An Instruction Set Architecture (ISA) is physically correspondent to machine operations within a particular processor. This means that the ISA lists any and all instructions, as well as opcodes, that can be performed by specific processors.

An assembly language usually has a 1-1 relationship with the ISA, but can be implemented in different ways. Sometimes the assembly code can perform an entire set of ISA level instructions.

Assembly languages are an abstracted set of ISA opcodes, logic, and instructions that allow for variables/macros/functions/methods/etc. They can be very basic (meaning almost 1-1 mapping) or they can support more complex operations like structural programming blocks.

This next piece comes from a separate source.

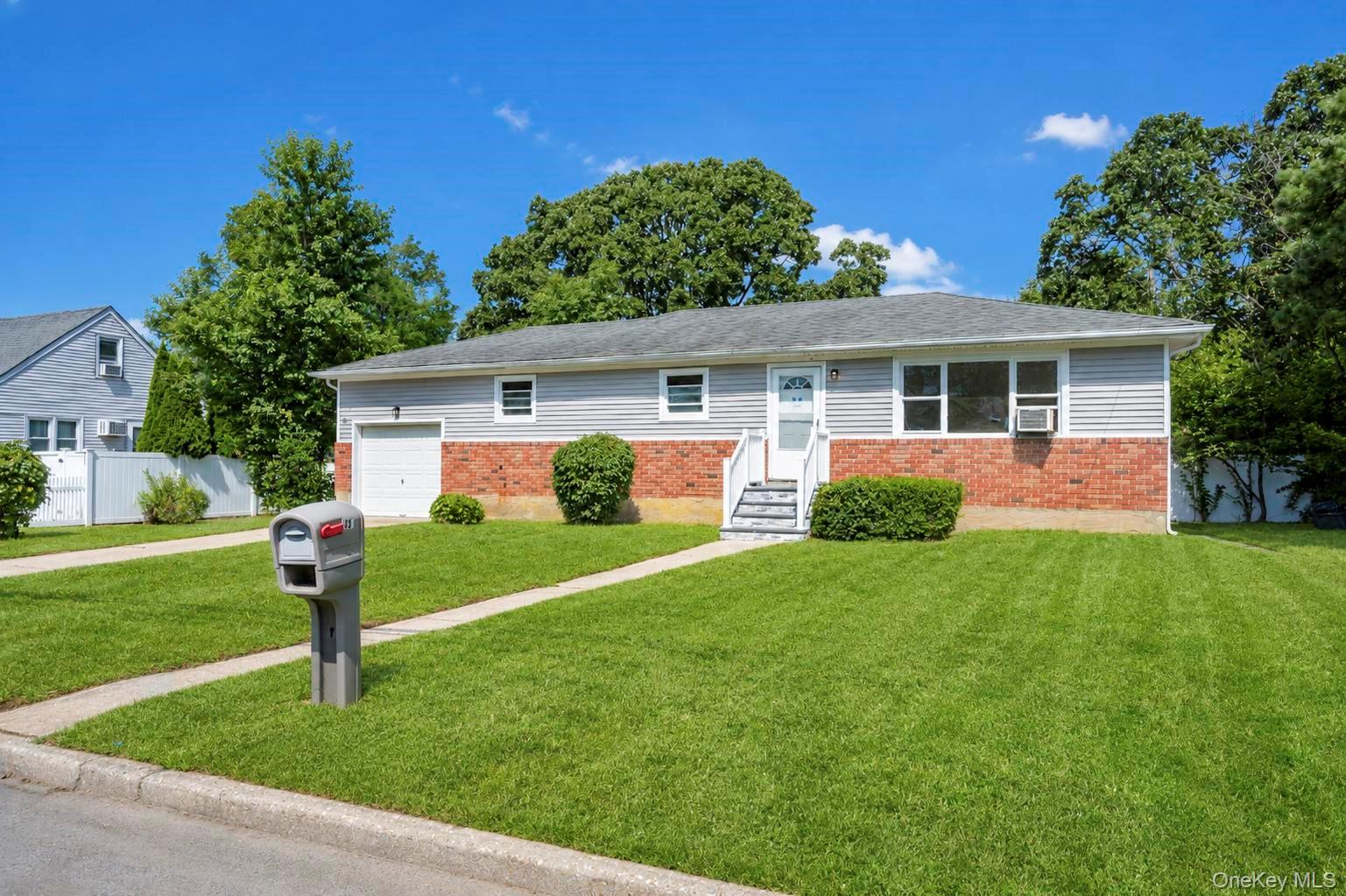 334 Robbins Street — photo 3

I doubt there are any "authoritative" definitions of those terms, but here are some senses in which they may not perfectly overlap:

  • While the "ISA" standardizes a public interface to a processor that should be used as the basis to write programs that are binary-compatible with multiple processors that implement the ISA, "assembly language" may just as well refer to what is implemented by a specific processor, without necessarily being compatible with other implementations.
  • More generally, "an ISA" is a standards document, while "assembly language" is a programming language.
  • An ISA would normally specify not only instructions and their names, but also a binary encoding for them (such as opcodes and argument encodings). The term "assembly language" refers to the text form of the instructions only, without reference to their encoding.

That said, they obviously have a lot of overlap, so in non-normative texts it would be quite understandable if they are used interchangably in some contexts.

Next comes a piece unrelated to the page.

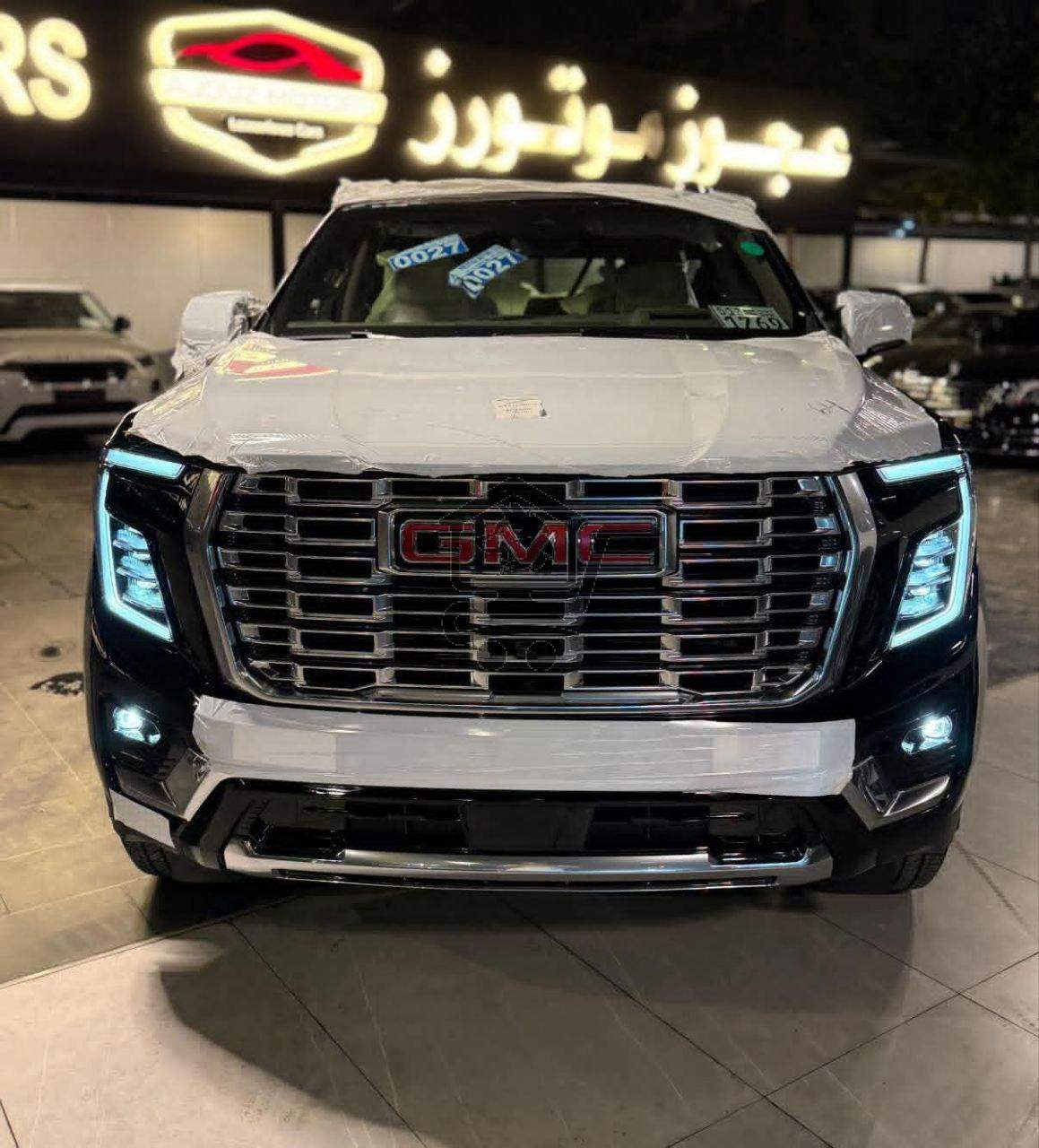 GMC Denali Yukon - الصورة 1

ISA means instruction set architecture. As those words imply this is the instruction based architecture that some particular processor was designed to. Somebody somewhere knows what that architecture does and the instructions (machine code) to make it do what it does.

Assembly Language is a term for a programming language. Unlike Java or Python, there is not one standard body that makes a definition for one assembly language. Ideally for each ISA there is an Assembly Language, but it is not all that uncommon that more than one or subtle variations can exist between Assembly Languages for a specific ISA. The Assembly Language is essentially defined by the Assembler, sometimes the word Assembler is also used to mean the language itself, I try to separate Assembly Language, the programming language and Assembler the programmers utility that takes the Assembly Language and parses it and converts it to machine code.

Assembly Language is ideally a programming language where you have a one to one relationship between each Assembly Language mnemonic and an instruction in the instruction set (ISA). But this is not always the case, there are things to make your life easier like labels for branching to. There are often a number of directives where you can for example insert some data (a string you want to print perhaps). And there are macros which are not unlike macros in C a way you can write some code you want to reuse one time in one place then simply use the macro.

MIPS is a company that makes processors and the name of the ISA and the name of the Assembly Language and the processors will all bear the name MIPS. Just like Intel processors, Assembly Language and instruction set can be properly called Intel (although we also see x86 and other variations). ARM, same deal, processor, architecture, instruction set, assembly language.

Usually the inventor of an instruction set (as in the group of people working together not necessarily one individual chip engineer), creates documentation for that instruction set, usually including the machine code. Along with that there is usual an assembly language syntax. Often the syntax in the reference manual is the starting point for the Assembler. Not as often there are instructions which are defined here which are actually pseudo instructions, nop is common, some instruction sets dont want to waste an opcode and instead the assembler encodes add r0+0 or and r0,r0 or some such thing that basically does nothing but is a real alu instruction. MIPS has some commonly used assembly language instructions/mnemonics which are pseudo instructions that the assembler generates for you, you have to remember not to use these in the branch shadow (defer slot, whatever term you like to use), or you will or should be warned.